In May of 1863 the Confederacy was winning battles but losing the war. In the west Grant was moving on Vicksburg. In the east, the Army of Northern Virginia was holding off the Army of the Potomac, but Lee realized that this could not last forever. Something had to change, he would strike north and take the war to the enemy. After weeks of maneuver, a chance collision between the two armies would seal the fate of the Confederacy. Now is your chance to change history. Can you do better than Lee and crush the Union army as it arrives piecemeal? Or as Meade will you hold the heights and dash the last great hope of Confederate victory? The decisions are yours… in Gettysburg 150!
Gettysburg 150 is an expansion of the ideas contained in Hold the Line. Like Hold the Line, it uses command action points for units to move and attack. The CRT is similar, although artillery is weaker at longer ranges due to the greater scale of the battle. However, the board is not modular and infantry units are stronger. Units are division level, with brigade level cavalry. Advanced features like column movement is covered simply with movement bonuses for not moving adjacent to enemy units. More importantly, the game has optional rules to increase realism, including early reinforcements, army demoralization due to heavy losses, and rules to encourage corps organization. The game has 4 scenarios covering days 1, 2, and 3, as well as the Confederate attack on Little Round Top on July 2. Scenarios are playable in 1 hour for the day battles, 20 to 30 minutes for the Little Round Top scenario. The complete 3-day battle is playable in 2.5 to 3 hours.

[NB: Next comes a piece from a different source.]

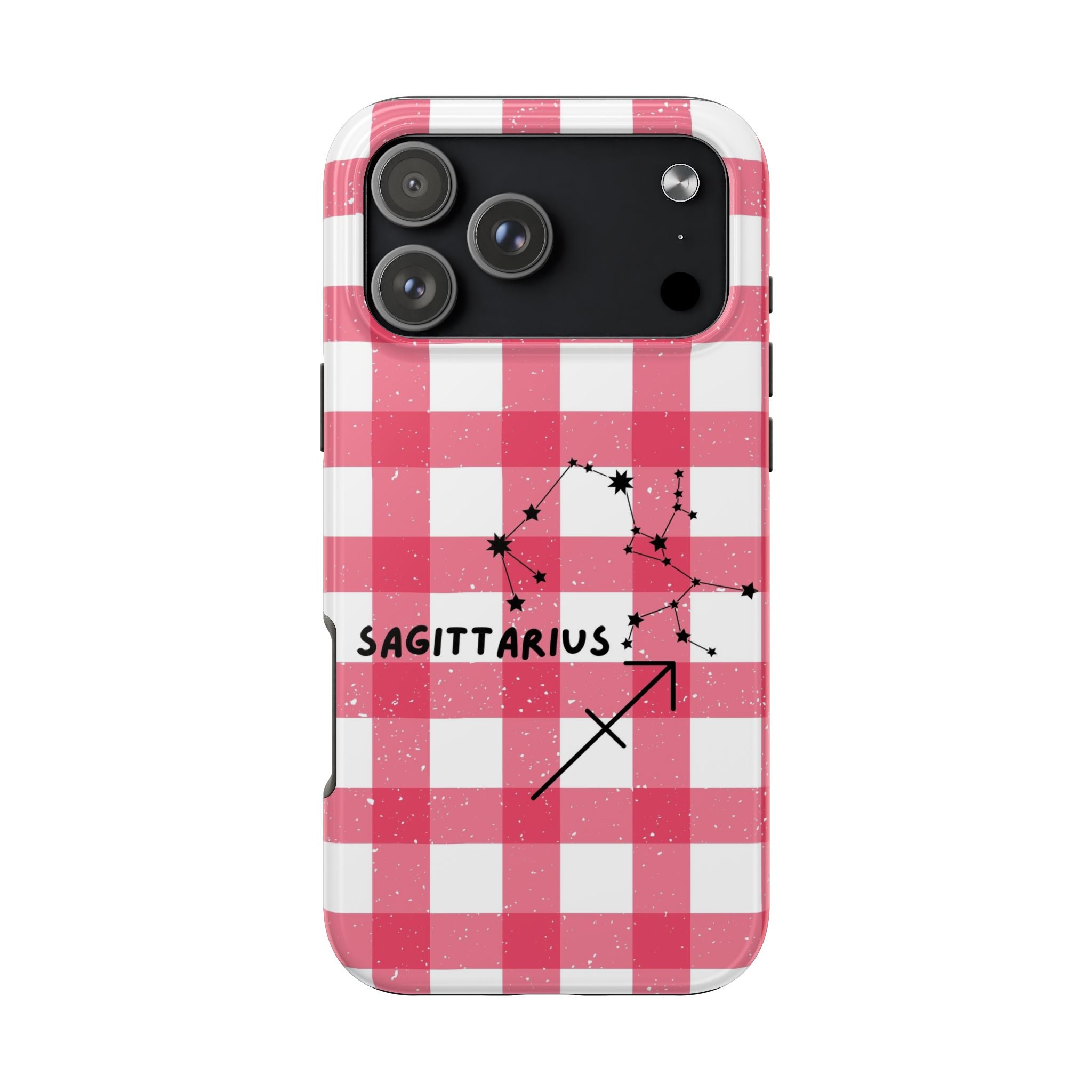Sagittarius Constellation Phone Case | Pink Gingham Tough Phone Case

A division level Gettysburg game in honor of the 150th anniversary of the battle. This simple fast playing game comes with a mounted 27 x22 map, two counter sheets with large 7/8” counters, updated “living” rules, and dice. You can play the entire battle in 2 to 3 hours, with 4 shorter scenarios.
Players will maneuver the counters representing the Union and Confederate armies across a hex cover representation of the battlefield at Gettysburg. Each turn players get a number of action points that will allow them to maneuver, fire combat, and close combat enemy forces. You will always receive some action points, but will never be sure exactly how many recreating the uncertainty of command and control. Victory is obtained by driving the enemy from the field by capturing terrain objectives or eliminating enemy units.
The game uses the popular Hold the Line game system as its base. Optional rules include a Chaos of War table, force march, and more.